Black-level performance of the TX-P42V10 was typically superb, as you would come to expect from a Panasonic plasma, contributing to an expansive dynamic range. No other scene in The Day The Earth Stood Still on Blu-ray illustrated this better than the sequence where the glowing alien spherical spaceship landed in Central Park at night: the Panasonic TX-P42V10 HDTV did not even skip a beat in portraying the potentially challenging concoction of solid blacks, blinding lights, and all the intermediate shadow delineation and highlight detail.
But the one aspect which gave the Panasonic TX-P42V10 a definite edge over the G10 series was the 2.2 gamma in [THX] mode: the resultant picture oozed plenty of “pop”, and was just so easy on the eyes that we would happily sit in front of the TV all day and drink the images in.
Another ace up the Panasonic TX-P42V10′s sleeve was its accurate primary chromaticities in [THX] mode, which — together with its deep blacks and near-D65 greyscale — delivered a well-saturated and convincingly realistic colour palette that would outperform most other flat screen HDTVs (including the Panasonic G10 plasmas). Nevertheless, the magenta and cyan hue deviations, plus slightly misaligned colour decoding, meant that the Panasonic TX-P42V10 fell short of the supreme colour accuracy witnessed on the Pioneer Kuro plasmas and the latest Edge LED sets from Samsung, though most people probably won’t be able to tell the difference outside of a side-by-side comparison.
Motion clarity was about as close as you can get to a CRT television: the live broadcast of the UEFA Champions League Final on ITV HD was an absolute visual treat. 1080p/24 video signals were handled well too without any sign of telecine judder. Outside the [THX] mode, engaging [24p Smooth Film] — this option appears in the [Setup] > [Other Settings] submenu in place of [Intelligent Frame Creation] when the TV senses a 24p signal — would introduce a non-so-subtle video-like effect to film-based material.
Regardless of whether [Game Mode] was engaged or not, we measured the input lag on Panasonic TX-P42V10 plasma television to be equal to our resident Samsung F96 LED-backlit LCD TV, which made reflex-dependent fighting games like Street Fighter IV incredibly fun to play.
The Panasonic TX-P42V10 plasma HDTV was extremely resistant to image retention/ screenburn, but there’s no harm in taking the appropriate precautions and avoiding lengthy non-stop gaming sessions (at least for the first 200 hours).
On our review unit we did not witness any green/ yellow flashes (a.k.a. phosphor trails, plasma rainbows, green fringe, phosphor lag, etc.) on fast-moving, high-contrast edges.
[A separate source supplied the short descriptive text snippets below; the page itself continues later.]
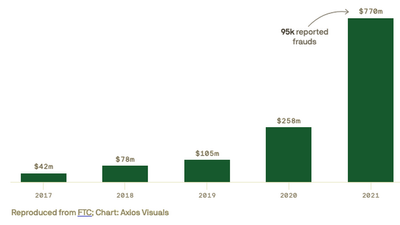 Crypto leads to massive surge in online scams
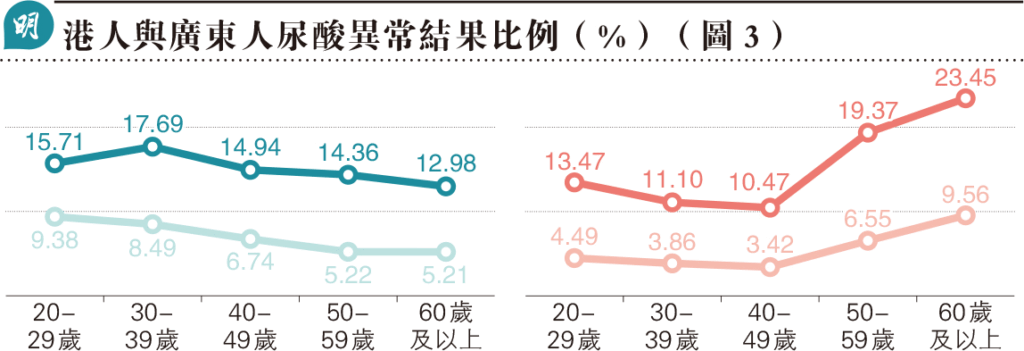 【體檢】大灣區體檢健康調查:港人壞膽固醇異常比例達79% 【體檢】大灣區體檢健康調查:港人壞膽固醇異常比例達79%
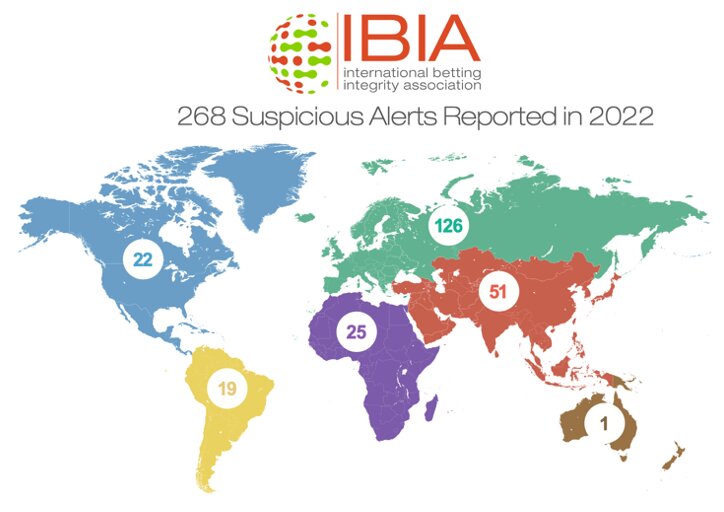 268 alertas de apuestas deportivas sospechosas reportadas por IBIA en 2022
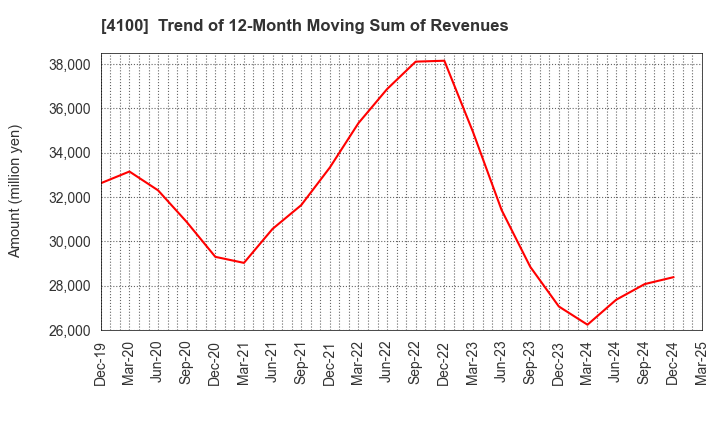 4100 TODA KOGYO CORP.: Trend of 12-Month Moving Sum of Revenues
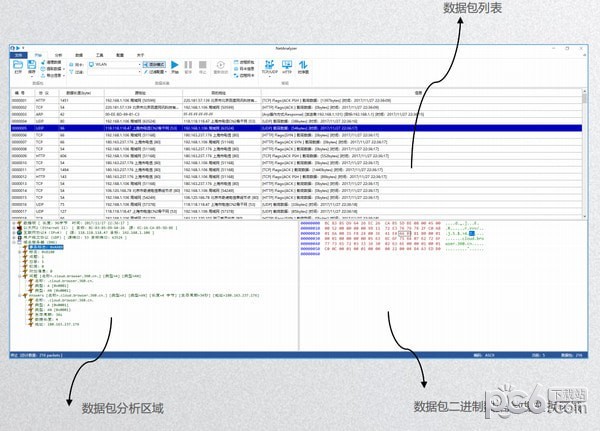 NetAnalyzer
However, because individual susceptibility (i.e. depending on how high your retinal persistance is) plays a major part in determining whether you see these phosphor trails or not, you should trust your own eyes (e.g. in store demos) rather than what we say in this regard. If you’ve seen them before on other plasmas, it’s very likely that you’ll see them too on the Panasonic TX-P42V10 given that the underlying plasma technology remains unchanged.
At this point, we guess the question on every video enthusiast’s mind is, “Can it dethrone the Pioneer 9G Kuro plasma as the best flat-panel HDTV we’ve tested to date?” We’re afraid not: the Panasonic TX-P42V10 ran the Pioneer Kuros really close (in fact the closest of them all), but ultimately fell short in the areas of black level, overall colour fidelity and standard-definition video processing.
Make no mistake though: the TX-P42V10 still delivers the best picture quality we’ve seen from a Panasonic plasma so far, thanks in no small part to its [THX] mode. Is the Panasonic TX-P42V10 worth paying £300 extra over the G10? When you take into account the [THX] mode’s accurate primary colours and 2.2 gamma out of the box, not to mention other perks like [Viera Cast], DLNA compatibility, additional HDMI port and PiP/PaP functionalities, for us the answer is a resounding yes.